Landlords who own leasehold apartments in tower blocks are being urged to complete an official questionnaire or face being excluded from the protections afforded by the Building Safety Act (BSA).
This legislation, which became law in June 2022, is designed to protect innocent leaseholders “from the unfair burden of remediation costs to make their home safe”.
This followed the Grenfell Tower fire in 2017 and the ensuing scandal over the flammable cladding fitted to thousands of other apartment blocks in the past.
But the BSA separates leaseholders into ‘qualifying’ and ‘non-qualifying’, and the latter includes those with more than three properties.
This is because the government thinks portfolio landlords are wealthy enough to pay for work to their properties to make them safe while ‘qualifying leaseholders’ are to have the work paid for by the Government or their freeholder.
But there is a grey area within the BSA that may cost some leasehold-owning landlords dearly.
A landlord who individually owns up to three properties (including their own home) will be ‘qualifying’ under the BSA as would a couple who own their principal home jointly and two rental properties each individually.

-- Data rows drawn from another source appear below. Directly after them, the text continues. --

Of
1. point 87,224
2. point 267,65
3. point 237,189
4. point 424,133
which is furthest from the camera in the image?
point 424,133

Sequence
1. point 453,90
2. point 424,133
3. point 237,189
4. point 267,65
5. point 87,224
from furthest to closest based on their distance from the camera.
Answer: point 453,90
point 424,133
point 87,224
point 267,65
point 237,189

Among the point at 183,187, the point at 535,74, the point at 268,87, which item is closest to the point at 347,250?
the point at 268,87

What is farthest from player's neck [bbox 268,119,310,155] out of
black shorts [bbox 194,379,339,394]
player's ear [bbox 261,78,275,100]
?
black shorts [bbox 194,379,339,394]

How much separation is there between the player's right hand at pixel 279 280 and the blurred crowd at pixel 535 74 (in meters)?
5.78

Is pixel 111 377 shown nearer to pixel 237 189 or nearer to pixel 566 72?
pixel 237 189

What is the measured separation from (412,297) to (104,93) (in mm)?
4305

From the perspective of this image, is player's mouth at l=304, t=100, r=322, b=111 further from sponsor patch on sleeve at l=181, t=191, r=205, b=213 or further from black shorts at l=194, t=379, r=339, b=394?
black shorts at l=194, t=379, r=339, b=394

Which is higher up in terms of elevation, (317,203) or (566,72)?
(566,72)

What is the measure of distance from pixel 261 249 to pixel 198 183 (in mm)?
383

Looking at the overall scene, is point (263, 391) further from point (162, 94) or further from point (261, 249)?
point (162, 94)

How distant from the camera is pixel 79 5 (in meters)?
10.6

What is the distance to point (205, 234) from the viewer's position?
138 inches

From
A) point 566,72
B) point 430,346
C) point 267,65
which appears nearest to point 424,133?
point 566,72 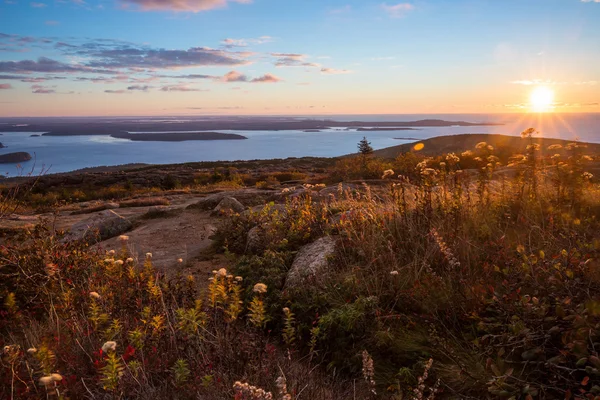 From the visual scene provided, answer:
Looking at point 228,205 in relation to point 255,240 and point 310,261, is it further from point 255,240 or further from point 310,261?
point 310,261

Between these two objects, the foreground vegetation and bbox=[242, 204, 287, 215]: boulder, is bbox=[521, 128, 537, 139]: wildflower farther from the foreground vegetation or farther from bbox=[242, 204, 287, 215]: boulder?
bbox=[242, 204, 287, 215]: boulder

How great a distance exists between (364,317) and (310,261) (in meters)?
1.59

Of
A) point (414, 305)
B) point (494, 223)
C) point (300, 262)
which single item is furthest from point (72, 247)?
point (494, 223)

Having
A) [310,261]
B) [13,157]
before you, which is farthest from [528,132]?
[13,157]

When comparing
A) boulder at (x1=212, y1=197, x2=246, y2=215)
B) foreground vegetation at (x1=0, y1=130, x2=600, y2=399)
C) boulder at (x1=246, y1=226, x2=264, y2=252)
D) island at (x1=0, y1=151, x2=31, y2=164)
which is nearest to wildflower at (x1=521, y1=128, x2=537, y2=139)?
foreground vegetation at (x1=0, y1=130, x2=600, y2=399)

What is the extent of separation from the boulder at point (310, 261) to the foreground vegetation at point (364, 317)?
0.11m

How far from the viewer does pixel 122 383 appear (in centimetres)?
262

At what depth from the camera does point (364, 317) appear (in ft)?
11.8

But if the same couple owned their own home and THREE other properties (or more) in joint names they would be 'non-qualifying' and would be excluded from any protections under the BSA for any leasehold properties that were not their main home.
One regional group, the Birmingham Leaseholder Action Group (BrumLAG), has revealed that a Government consultation on this issue has received very few submissions and is urging that owners, most of whom are landlords, do so before the consultation ends this Friday (5th April).
The group points out that 75% of leasehold properties in the Midlands are rented out and therefore thousands of landlords who own their properties jointly could soon face huge remediation bills unless they persuade the Government otherwise.
“This situation has been raised many times in parliament and in the House of Lords and now the government is considering taking action,” says BrumLAG. “But this action is totally dependent on the responses to their consultation document.”
The consultation document explains why: “The government is continuing to monitor the impacts of the current protections and has been made aware of a perceived issue in the qualifying criteria for the protections, for people who own their principal home jointly, and additional properties jointly.
“But the department does not have any data on the number of leaseholders this issue is impacting.
“As part of the policy development, this call for evidence seeks to understand the scale of the issue, and to consider whether any changes could be proposed by the government.”